Eurozone industrial production in June turned out disappointing. Bloomberg reports:
European industrial production unexpectedly declined in June, led by a drop in durable consumer goods such as furniture and home appliances.
Output in the economy of the 16 nations that use the euro dropped 0.1 percent from May, when it increased 1.1 percent, the European Union’s statistics office in Luxembourg said today. Economists had projected a gain of 0.6 percent, the median of 32 forecasts in a Bloomberg survey showed. From a year earlier, June output gained 8.2 percent.
Still, the June year-on-year gain in eurozone industrial ouput isn't bad at all when compared with supposedly high-growth India. Again from Bloomberg:
India’s industrial production rose at the slowest pace in 13 months in June, adding to evidence that Asian economies are weakening.

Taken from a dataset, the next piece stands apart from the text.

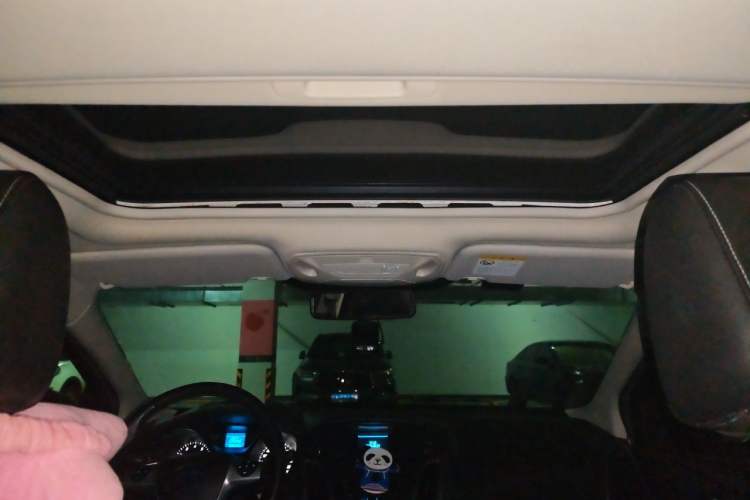 Used Ford Focus 2012 Hatchback 1.6L Automatic Fashion Edition Headliner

Output at factories, utilities and mines rose 7.1 percent after a revised 11.3 percent gain in May from a year earlier, the statistics department said in New Delhi. The expansion was less than the estimates of all but two of 21 economists in a Bloomberg News survey.
Another country showing a decline in industrial production in June was Japan. The Ministry of Economy, Trade and Industry's final report on June industrial production showed a 1.1 percent fall from May. This, though, was better than the preliminary estimate of a 1.5 percent decline.
Japanese capital spending appears to be increasing again though. On Wednesday, Japan had reported a 1.6 percent rise in core private sector machinery orders in June. However, this followed a 9.1 percent fall in May. For the April-June quarter, this indicator rose by just 0.3 percent and is forecasted to rise by 0.8 percent in the July-September quarter.